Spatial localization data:

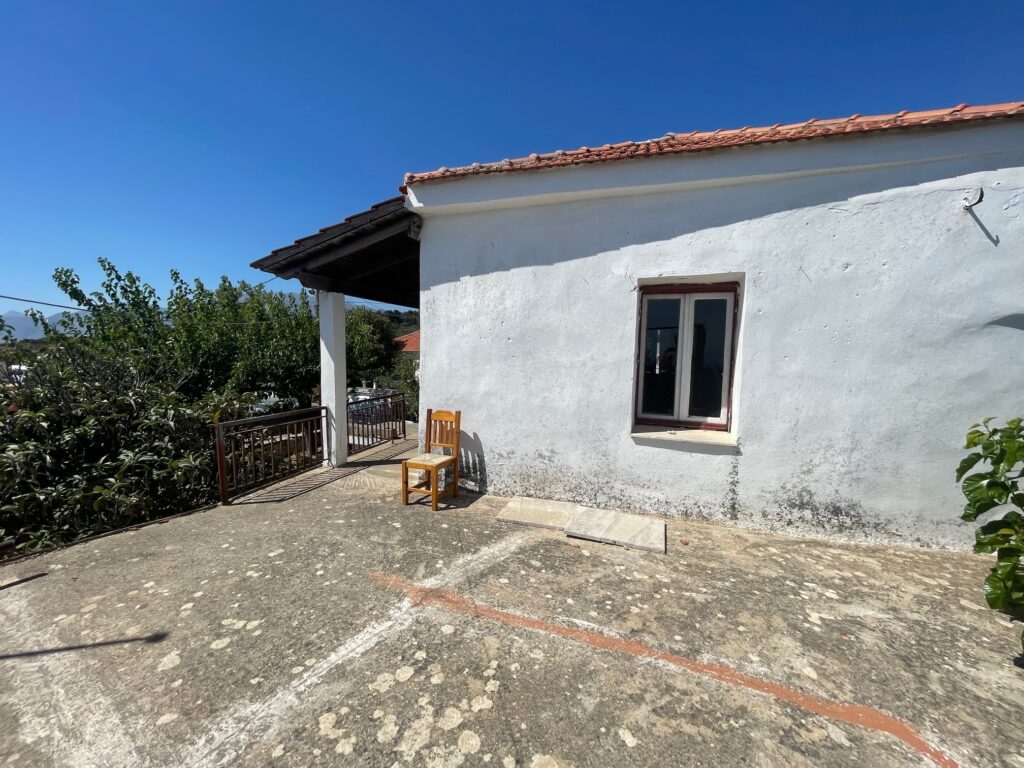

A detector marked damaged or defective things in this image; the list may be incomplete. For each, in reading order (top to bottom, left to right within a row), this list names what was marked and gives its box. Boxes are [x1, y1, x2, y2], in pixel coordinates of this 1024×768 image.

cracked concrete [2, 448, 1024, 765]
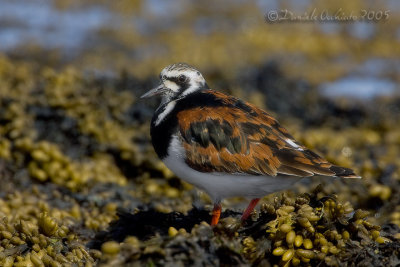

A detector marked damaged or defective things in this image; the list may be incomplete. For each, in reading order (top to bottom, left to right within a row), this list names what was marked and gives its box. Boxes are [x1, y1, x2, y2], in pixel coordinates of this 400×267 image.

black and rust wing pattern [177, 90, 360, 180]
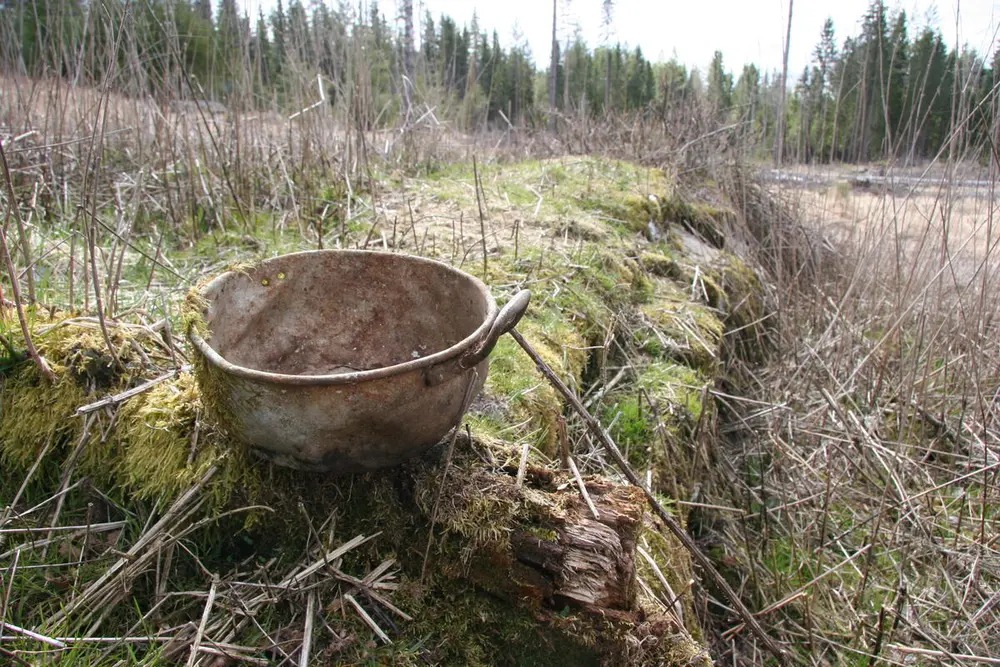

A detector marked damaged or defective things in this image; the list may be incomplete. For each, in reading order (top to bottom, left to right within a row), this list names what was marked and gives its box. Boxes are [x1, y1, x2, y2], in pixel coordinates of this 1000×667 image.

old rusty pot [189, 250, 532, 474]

# ABOUT THIS TASK
Return the data exactly. Pictures stay out.

# OUTPUT FOR THIS EXERCISE
A detector marked damaged or defective things in this image; the list may be incomplete. For each, in reading order (top to bottom, left to right within a row), this list names what was marked and gives its box. Boxes are [x1, y1, x2, y2], in pixel coordinates of this 1024×768 image.

cracked concrete [2, 448, 1024, 765]

A detector marked damaged or defective things in this image; the list may be incomplete. For each, in reading order (top to bottom, left to right within a row), this list names what was marked and gives its box. Boxes are [x1, y1, x2, y2], in pixel coordinates of this 400×267 image.

black and rust wing pattern [177, 90, 360, 180]

A detector marked damaged or defective things in this image; the list may be incomplete. For each, in reading order (top to bottom, left to right within a row), this list names what was marked and gives its box. Boxes are [x1, y1, x2, y2], in pixel coordinates of this 1000×667 image.

old rusty pot [189, 250, 532, 474]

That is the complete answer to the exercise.